У кромки океана - Робинсон Ким Стэнли. Страница 9
Долгий-долгий день. Игра. Четыре – четыре. Руки еще помнят сильные, жесткие удары по мячу. Потом пустая болтовня на Чапмен-авеню. Мысли о собрании заглушают приятные воспоминания этого дня. Ох парень! Влип ты с этим чертовым Советом на целых два года. В Кевине снова вскипела злость на Альфредо, на его уловки. Вспомнилась странная мимика нового городского прокурора. Стоящий Будда. Что-то происходит. Забавно, что Кевин уловил это даже сквозь полудрему, в которой пребывал. Друзья подшучивали над ним за медлительность, но дураком-то он не был, нет! Взгляните только на его дома, и поймете это. Интересно, обратил бы Кевин внимание на этот скользкий пункт повестки дня, если б не сонливость? Трудно сказать. Да и не в этом дело. Какое-то подсознательное сопротивление. Упрямый разум отказался быть одураченным.
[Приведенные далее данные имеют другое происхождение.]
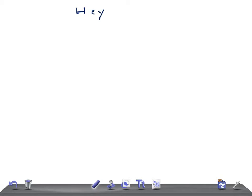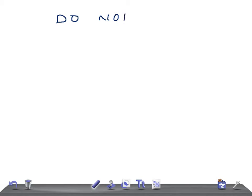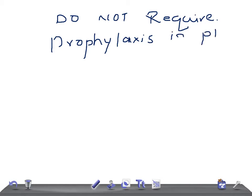Hey guys, welcome back to All Learned Law. This is a quick internal medicine. Today I'm going to talk about what are the procedures that do not require prophylaxis in a patient with infective endocarditis.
Кевин свернул влево, на дорожку, поднимавшуюся к дому. Он жил в большом старом переоборудованном здании, построенном в виде подковы вокруг пруда. Кевин сам занимался реконструкцией и до сих пор считал, что это – лучшее из его созданий: огромный шатер, заполненный светом, дом для целого рода. Жильцы дома, соседи Кевина, и в самом деле были настоящей семьей.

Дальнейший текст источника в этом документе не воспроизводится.